Visiting dungeons is a fun and rewarding experience. Since trash floats in and out of orbit, every time you visit a dungeon, new items are churned up. Dungeons will eventually drift out of orbit. If you're in one when this happens, it's a mad dash through the door to escape. Of course, this is also when the really valuable items begin to show up.

Each character's quest affects the game's overall difficulty. Kanata is described as a "beginner" character, while Rizelea is for experienced players. The more noticeable difference between the two is their play styles. Kanata automatically gets access to the Monster Coliseum and the ability to conjure monsters. With access to the Coliseum, you gain experience and better items much earlier than you would playing with Rizelea. It sounds great in theory, though it takes a while before you'll start winning matches in the arena. I don't expect the game to hand things to me, though when something is advertised as "easier," I don't expect to fight for my life.

Then there's the misuse of tutorials. Regardless of whom you play as, the game will bombard you with tutorials throughout the first hour. Every step, move or button press is accompanied by some sort of long tutorial message (including one that tells you how to access the "Additional Information" page). The frequency goes down later on, only tutorials come in after you need them. At one point, this resulted in at least an hour worth of replay time.

Game Mechanics:
Trinity Universe is a dungeon crawler in every sense of the playstyle. The cosmic flotsam and jetsam serve as dungeons. Though the game plays like a typical RPG (random encounters and all), there's a unique search mechanic in play at all times. Hitting (Square) emits a beam that flows through the dungeon, pointing out areas of interest. These include unique treasures and monsters. There are a couple of stipulations that go along with the beam. The moment you move, it disappears. Additionally, you're given a limited number of uses per dungeon. The system is great and really works as a play mechanic. It encourages exploration without it devolving into a truffle hunt with a blind pig.

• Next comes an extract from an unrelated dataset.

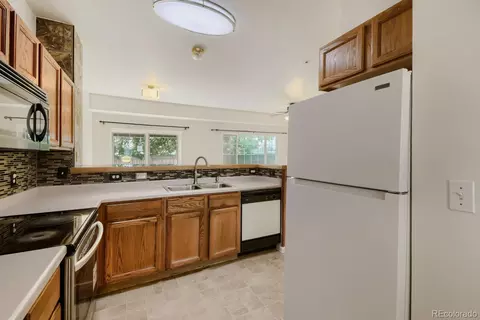 Kitchen - 12324 E 2nd Dr, Aurora, CO 80011 photo 4 of 5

Trinity Universe's combat is turn-based, but features action elements. During battle, you can build up combos using the face buttons. As long as a character has combat points, they can continue to doll out hits, even unleashing special dialed-in combos. Characters can even chain their combos with other characters, offering stat boosts and massive damage.

Launching chain attacks takes some time to understand. It's not a complicated system, though the timing is pretty intricate and the game does little to help you hit your marks perfectly. There's an ever so slight disconnect between the time it takes for attacks to register and the gauge to switch to another character. It's possible to completely miss a combo because you're off for a second. Once you adjust to the timing in your head, the system is great. If you can't, expect a few uphill climbs with later bosses - combos are important.

Trinity Universe is a much better game than Cross Edge. It improves nearly everything that went wrong with the first crossover effort. There are, however, a few lingering issues. Hardened JRPG fans will be able to gloss over most of them, though newcomers should be wary.